%%
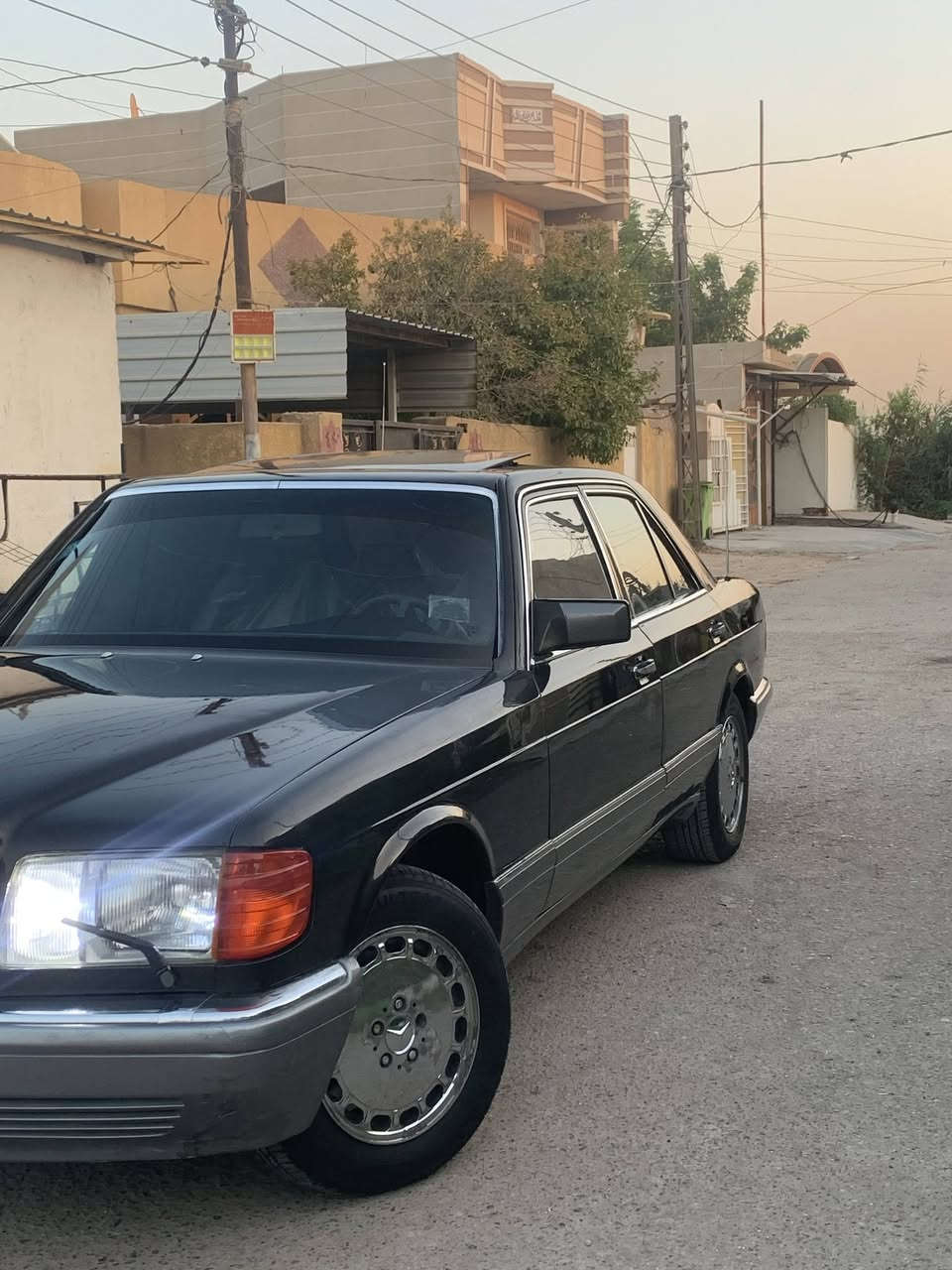 السلام عليكم
مارسيدس جامبو باب قصير مصبوغه للجماليه موديل 1987/رقم بغداد دولي السياره بسمي تحويل مباشر محرك (3000) ديلكو (محرك وكير واكسل خير من الله (حداديه امامي وخلفي جديده)تخم تاير (كهربائيات كلها شغاله على بلاد) (تبريد شغال) (سلايت دروف)(غرفتها كلش نضيفه (كشنات مخمل كهربائي شغاله)سنتر لوك ريمونت (منضومه زنون/بلوجكتر /عالي ناصي/السياره جاهزه من كلشي 

السعر(62)$$وبيها مجال 

العنوان بغداد عويريج مقابل مخابز باب الأغا 

رقم /*********** بي /وات ساب
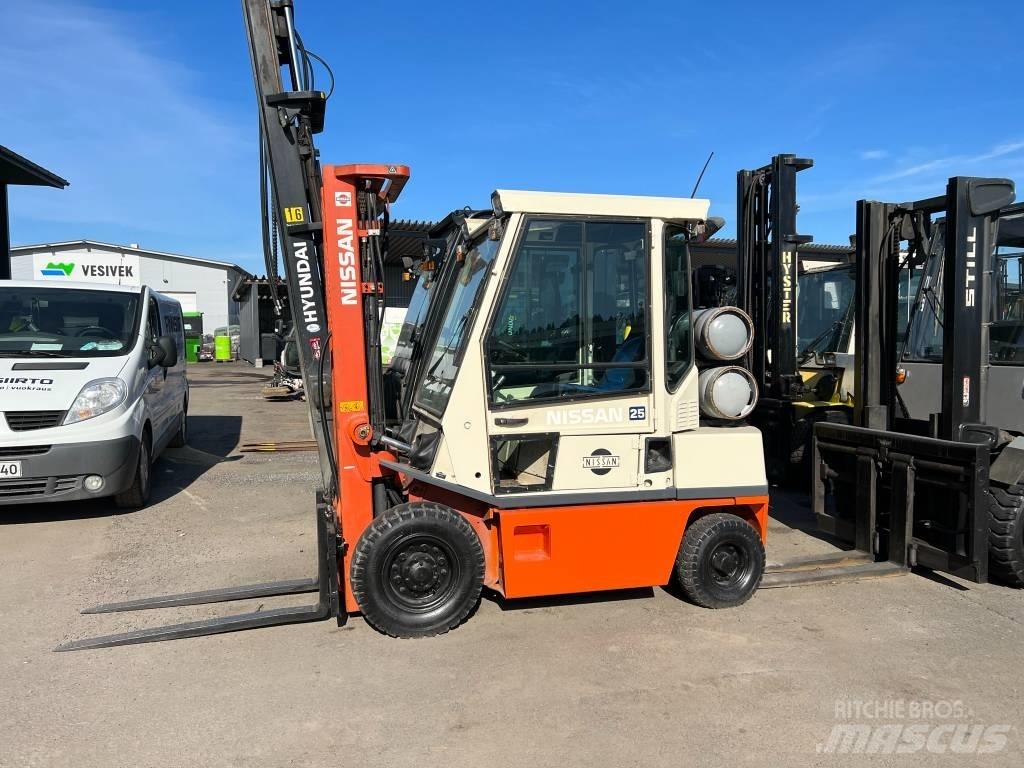 Nissan PH02A25U LPG 지게차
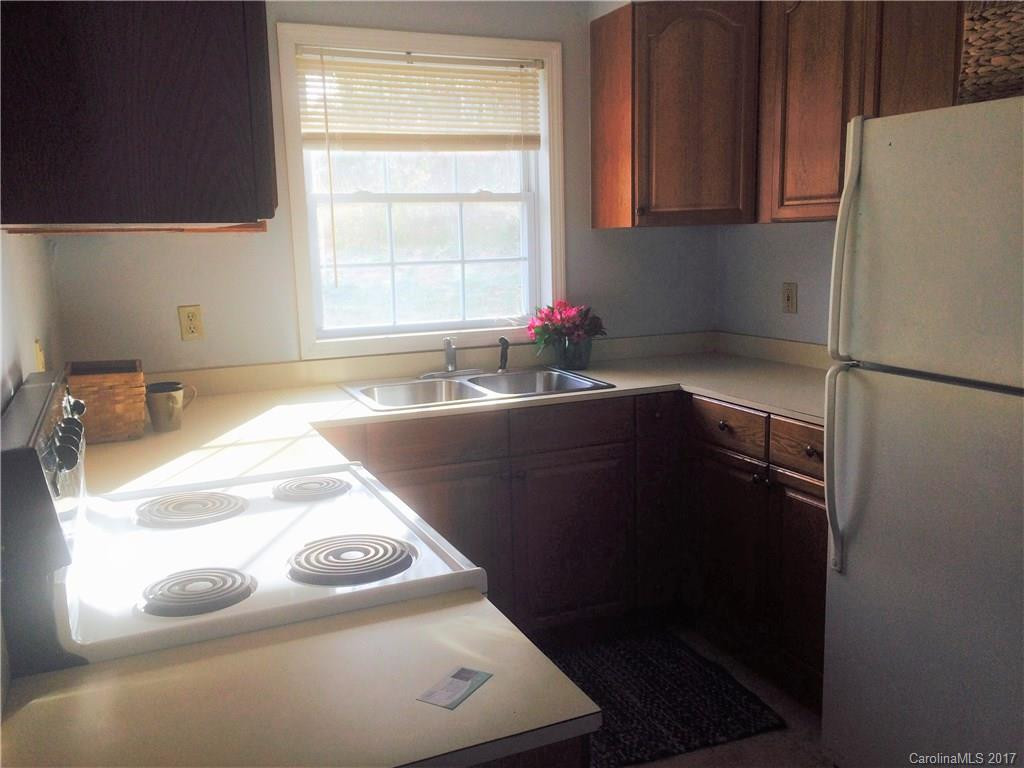 190 Glendale Avenue - Photo 4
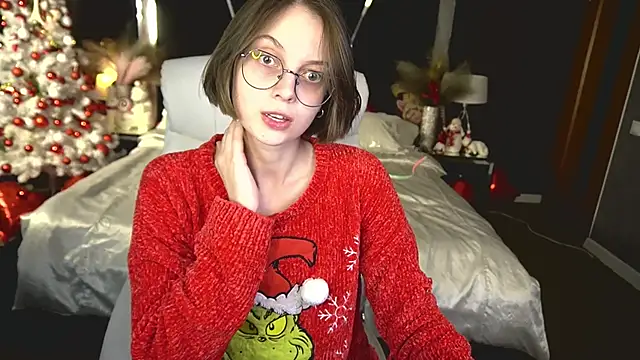 Snapshot of CharlyWines chatting on December 15, 8:03 pm CharlyWines online show from December 15, 8:03 pm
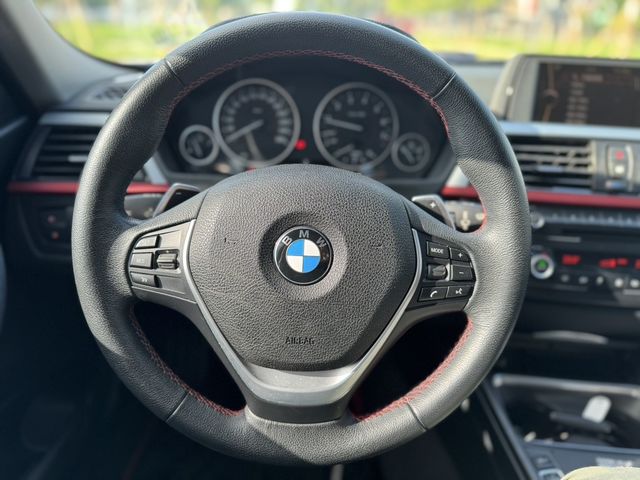 BMW寶馬 320I TOURING  第9張相片
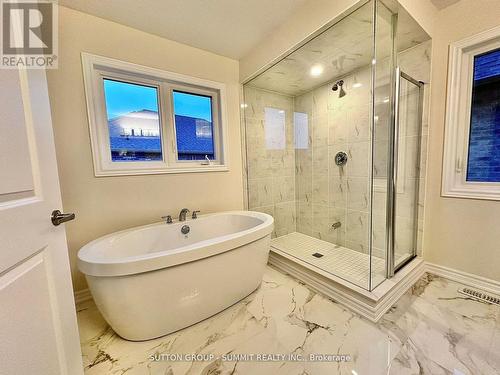 1473 Rose Way, Milton, ON - Indoor Photo Showing Bathroom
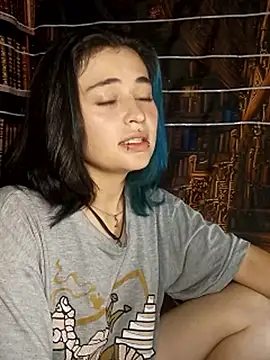 MilkyNeko  online show from May 17, 11:53 am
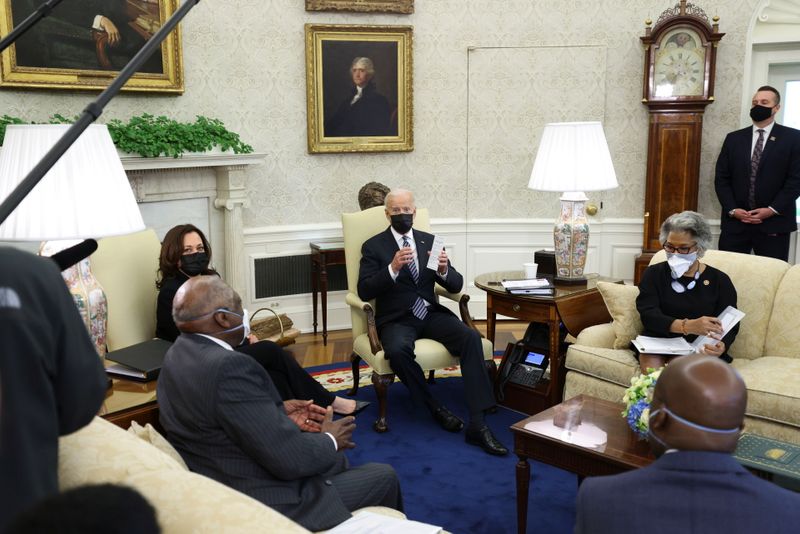 &copy; Reuters. Biden durante reunião com parlamentares na Casa Branca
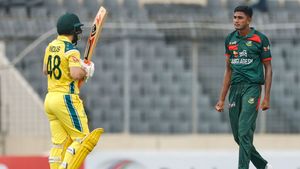 BAN vs AUS: வங்கதேச அணி வரலாற்று வெற்றி.. 21 ஆண்டுகளுக்கு பிறகு ஆஸ்திரேலியாவை வீழ்த்தியது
%%
Each line of the material above should be set down exactly, with no pictures.

- _WRITTEN RESPONSE_:
 السلام عليكم
مارسيدس جامبو باب قصير مصبوغه للجماليه موديل 1987/رقم بغداد دولي السياره بسمي تحويل مباشر محرك (3000) ديلكو (محرك وكير واكسل خير من الله (حداديه امامي وخلفي جديده)تخم تاير (كهربائيات كلها شغاله على بلاد) (تبريد شغال) (سلايت دروف)(غرفتها كلش نضيفه (كشنات مخمل كهربائي شغاله)سنتر لوك ريمونت (منضومه زنون/بلوجكتر /عالي ناصي/السياره جاهزه من كلشي 

السعر(62)$$وبيها مجال 

العنوان بغداد عويريج مقابل مخابز باب الأغا 

رقم /*********** بي /وات ساب
 Nissan PH02A25U LPG 지게차
 190 Glendale Avenue - Photo 4
 Snapshot of CharlyWines chatting on December 15, 8:03 pm CharlyWines online show from December 15, 8:03 pm
 BMW寶馬 320I TOURING  第9張相片
 1473 Rose Way, Milton, ON - Indoor Photo Showing Bathroom
 MilkyNeko  online show from May 17, 11:53 am
 &copy; Reuters. Biden durante reunião com parlamentares na Casa Branca
 BAN vs AUS: வங்கதேச அணி வரலாற்று வெற்றி.. 21 ஆண்டுகளுக்கு பிறகு ஆஸ்திரேலியாவை வீழ்த்தியது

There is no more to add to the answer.